Psychological Poetry
Psychological poetry analyzed
Psychological Poetry. In The Psychology of Poetry Claudia Miclaus states,
“The first psychological perspective on poetry belongs to the writer, and the second one belongs to the reader. Writer’s perspective is related to the reasons why he/she likes to write poetry, whereas the reader’s perspective refers to why people like to read poetry, why they enjoy this artistic means of expression.”
However, the “psychology of poetry” is different from “psychological poetry.” The former concerns reasons or motivations for writing and/or reading any poetry. The terms psychological poetry and psychological poems are more specific, referring to a genre of poetic writing. Poetry itself
“…is a form of literary art in which language is used for its aesthetic and evocative qualities in addition to, or in lieu of, its apparent meaning.”

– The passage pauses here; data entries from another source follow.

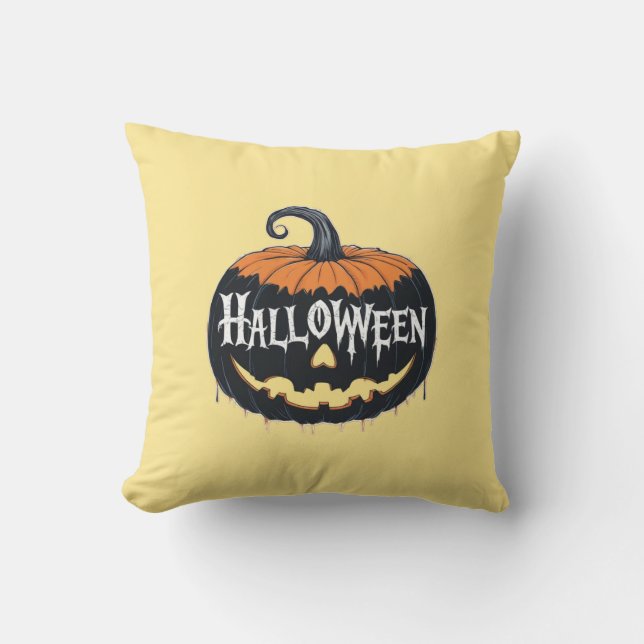 Zauberhafte Halloween-Kissen für gemütliche Dekora Kissen (Vorderseite)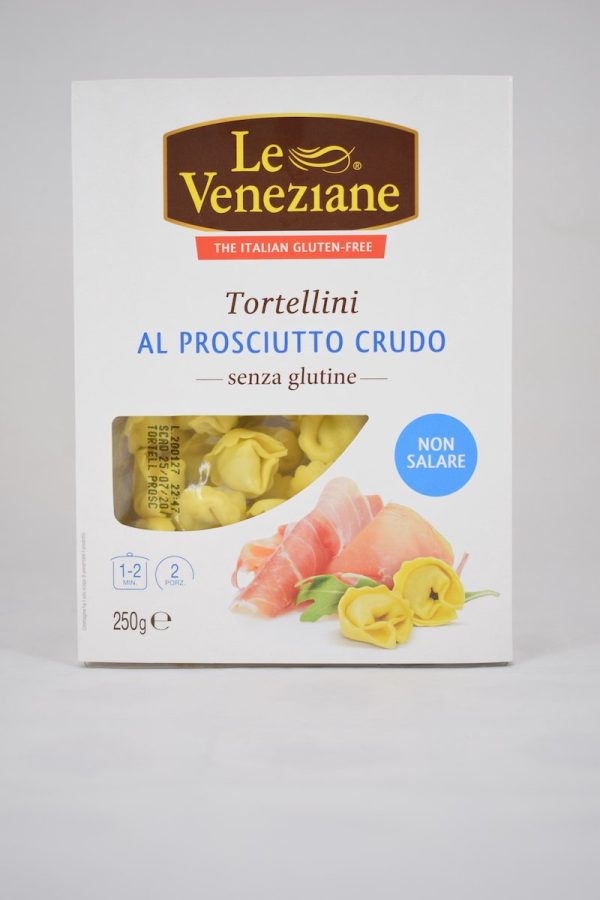 TORTELLINI AL PR. CRUDO GR.250 LE VENEZIANE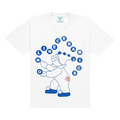 Online Ceramics Anarchy Clown Tee "White"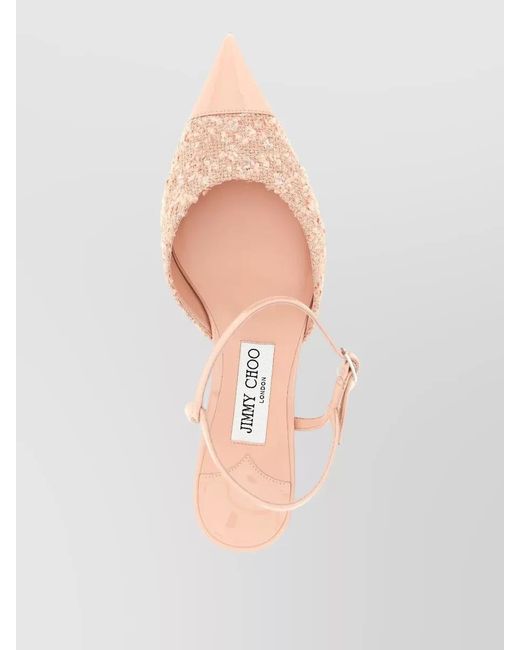 Jimmy Choo Pink Textured Pointed Toe Pumps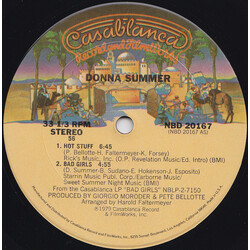 Donna Summer Hot Stuff / Bad Girls USED VINYL 12INCH 33 S RPM SINGLE SIDED MIXED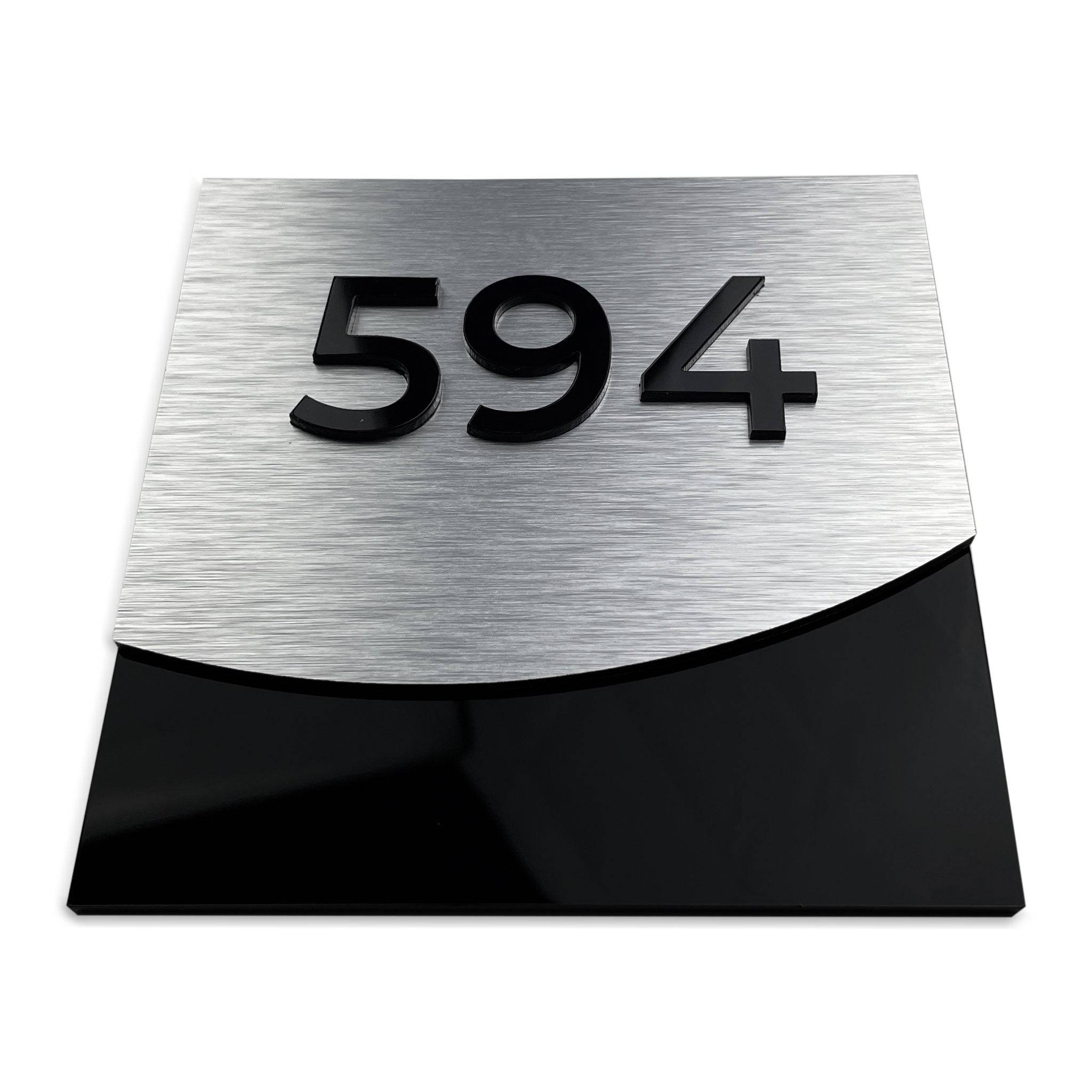 SILVER LUXURY HOTEL SIGN - ALUMADESIGNCO Door Signs - Custom Door Signs For Business & Office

One might conclude that all poetry is psychological poetry. Richard Brostoff in his Some Thoughts on the Relationship Between Poetry and Psychology writes,
“Poetry offers psychology its own perspective on the reaches of this realm, a unique repository not only of energy, but also of imagery, metaphor, paradox, inversion, contradiction, and often enough, beauty. Rather than a territory to be conquered, poetry valorizes and embraces the resources of the unconscious; it celebrates rather than subdues its creative genius. The poem invites our fascinated commerce with our deep world beneath the world; it invites us to linger in the sensory experience of its inhabiting…
“…Often enough, having entered an underworld, the poem suggests: you were here once, lived here, knew this, and the sense of discovery is a bit like walking into that odd, half-ruined city below the city in Rome—sitting there all the time waiting to be recovered, entered and explored in all its strangeness…
“…Of course the terrain of poetry is not one of unstructured wilderness; it insists, much like psychology, on the ordering, structuring principle of craft (in some ways analogous to the ego or analyst), which holds, with form, in dynamic tension the disorder and storm force of the abyss. In the vessel of language, irreducible metaphor and structure, poetry holds in suspension contradiction and paradox, our conflicts and wild energies; it achieves a dynamic balance between the visible and invisible worlds, surface and depth, valorizing neither at the expense of the other…”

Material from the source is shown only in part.